- Music
- 22 Oct 12
Earlier in the year promoter Vince Power engaged in a very vocal spat with the BBC when the broadcaster used money from the UK licence fee to promote the London Hackney Weekender, featuring huge acts like Jack White, Deadmau5, Rihanna, Ed Sheeran and Florence + The Machine. Power felt it fundamentally damaged his ability as a commercial promoter to successfully present the same acts to a ticket-buying public. Why should a publicly-funded body, he questioned, be allowed to queer the pitch for commercial promoters?
The Hackney Weekender wasn’t a celebration of anything in particular. It wasn’t an off-shoot of some other event. Just a chance to stage a massive free bash. You could argue this type of thing supplements rather than replaces what commercial promoters do. That’s not an argument Vince Power will give much credence to. He’ll argue the cash concert-goers would spend on tickets will simply go on something else if they feel they can see acts of this stature for nothing. For the majority of music fans a gig is only one element of a night out. They’ll have a few drinks, maybe go for something to eat, get a taxi home. They’ll spend this money whether the gig is free or paid. If they’ve gone to a free gig they’re not going to have enough left in the tank to do it all again for a paid show a few days later.
It’s an argument playing out on a smaller scale in Belfast where Jim Heaney, who has been promoting folk and roots gigs under the guise of the Real Music Club for 14 years, is taking issue with the free concerts staged by the Open House Festival. Over the last decade-and-a-half Jim Heaney has brought artists such as Steve Earle, his son Justin Townes Earle, Billy Bragg, Janis Ian, Roger McGuinn and Loudon Wainwright to the Errigle Inn. These are risky undertakings for a promoter with a passion but no safety net. The Open House Festival has been around for over a decade too. In its time it has welcomed acts like Seasick Steve, The Agnostic Mountain Gospel Choir, The Low Anthem and Bob Log III to Belfast and has brought some of the North’s finest roots acts to the stage too. So this isn’t a question of good guys versus the bad guys. More of good guys versus the good guys – and for as long as the Open House Festival was simply an annual event Heaney sucked it up and kept his opinions to himself. Thinking, I suppose, he could weather any short term fall in audiences and keep going for the other 51 weeks of the year.

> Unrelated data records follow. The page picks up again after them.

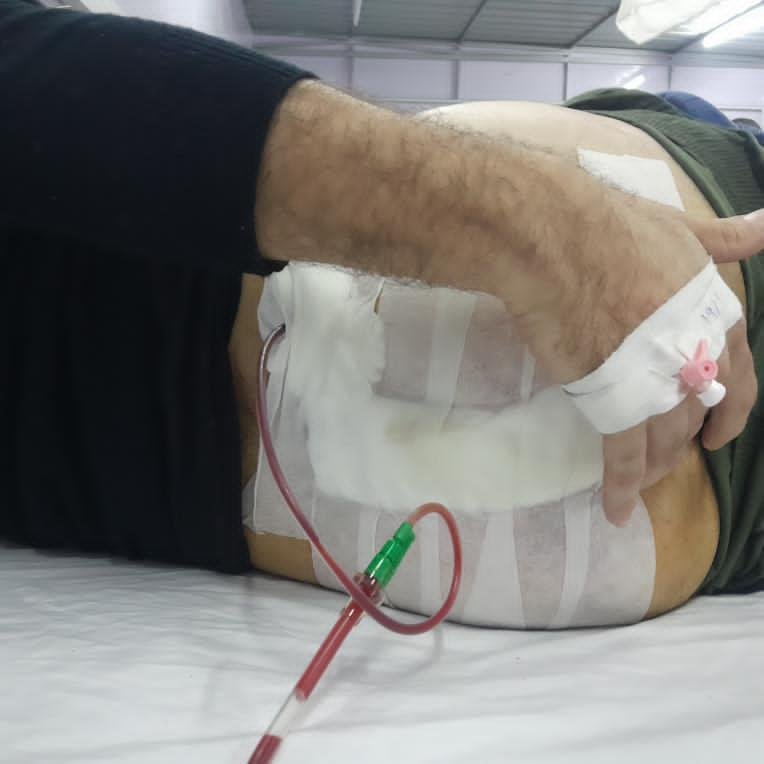 Please Donate to Help Youssef, in Gaza, with Medical Costs campaign photo, 6 of 7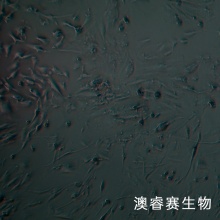 hEM15A；人永生化子宫异位内膜上皮细胞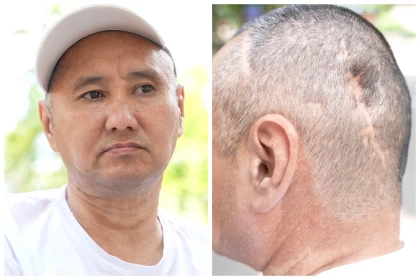 "Бір досым ғана қалды": Қаңтар оқиғасында алаңға ту көтеріп шығып, басына оқ тиген Берік Әбішев қазіргі жағдайын айтты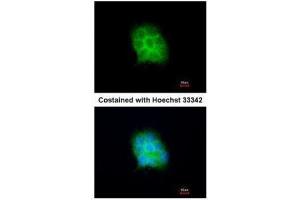 ICC/IF Image Immunofluorescence analysis of methanol-fixed A431, using Amisyn, antibody at 1:200 dilution. (STXBP6 抗体  (N-Term))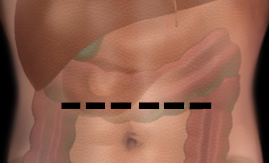 Transverse Incision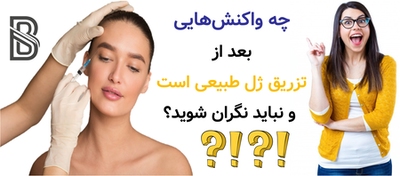 چه واکنشهایی بعد از تزریق ژل طبیعی است و نباید نگران شوید؟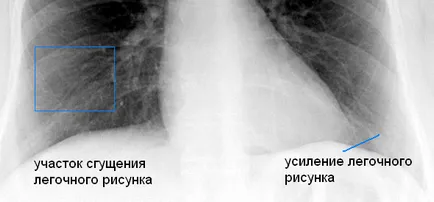 Radiografia toracica un fumător - o analiză detaliată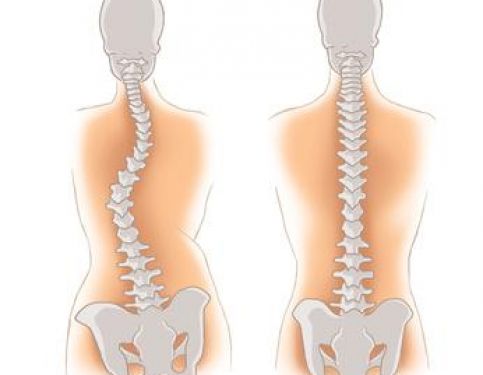 Scoliosis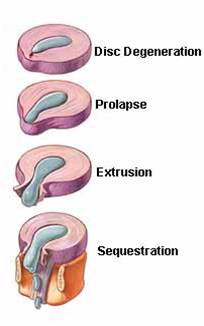 Herniation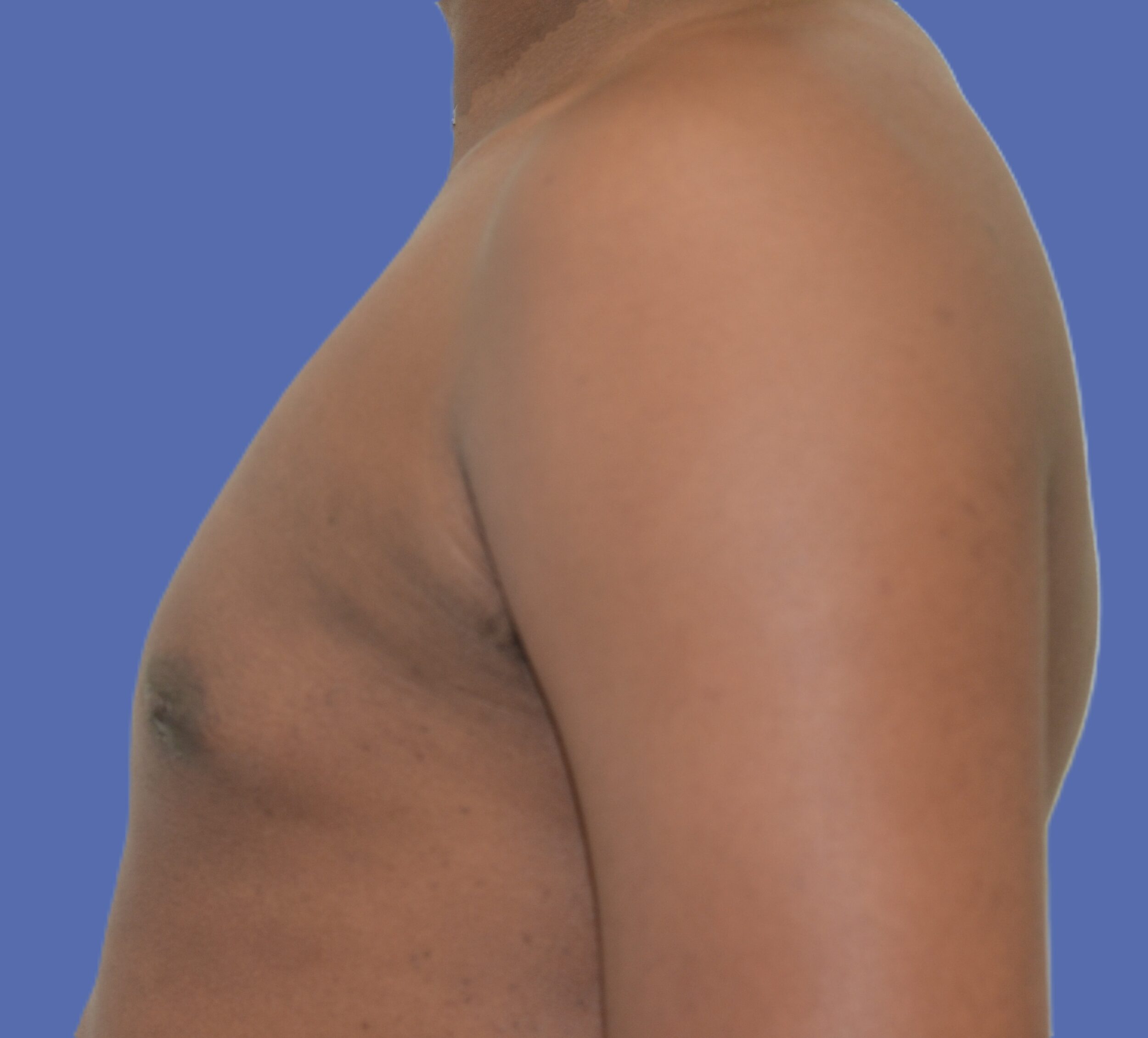 After Image: Male Breast Reduction (Gynecomastia) - left-side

Then, in 2011, it was decided to limit the festival’s funding and it became untenable to stage the event on the same concentrated scale, i.e. taking over the Cathedral Quarter for the best part of a week. Confronted by the prospect of a much smaller festival the organisers instead decided to spread Open House over the entire year. This means, from Jim Heaney’s point of view, practically every gig he promotes under the Real Music Club banner has opposition from a competitor not under the same pressure to watch the bottom line, one whose advertising budget and staffing overheads are guaranteed a full 12-months ahead.
Despite being based in Belfast both organisations have been hugely important to the roots scene in Ireland. What happens if Open House damages the Real Music Club, then has its own funding withdrawn? That’s an outcome neither organisation would welcome.
In a society where music is increasingly seen as without value, it’s essential anyone with a commitment to the sounds we love has a regular income. Bakers aren’t giving out free loaves and diesel is nudging ever closer to €2 a litre – and no matter how romantic our ideals, this is the ecosystem that musicians exist in.
That’s why we need to support good promoters like Jim Heaney, like Nigel Martyn, like Dublin’s Paul Lee and Karl Geraghty at the Workman’s Club. Promoters who work hard and take risks – and pay their artists.
In a scenario where everyone’s motives are pure, how can we reach some way of working together so that publicly funded promoters and commercial independents can co-exist? That’s a tough circle to square and doing so is going to take some inventive thinking. The alternative doesn’t bear considering.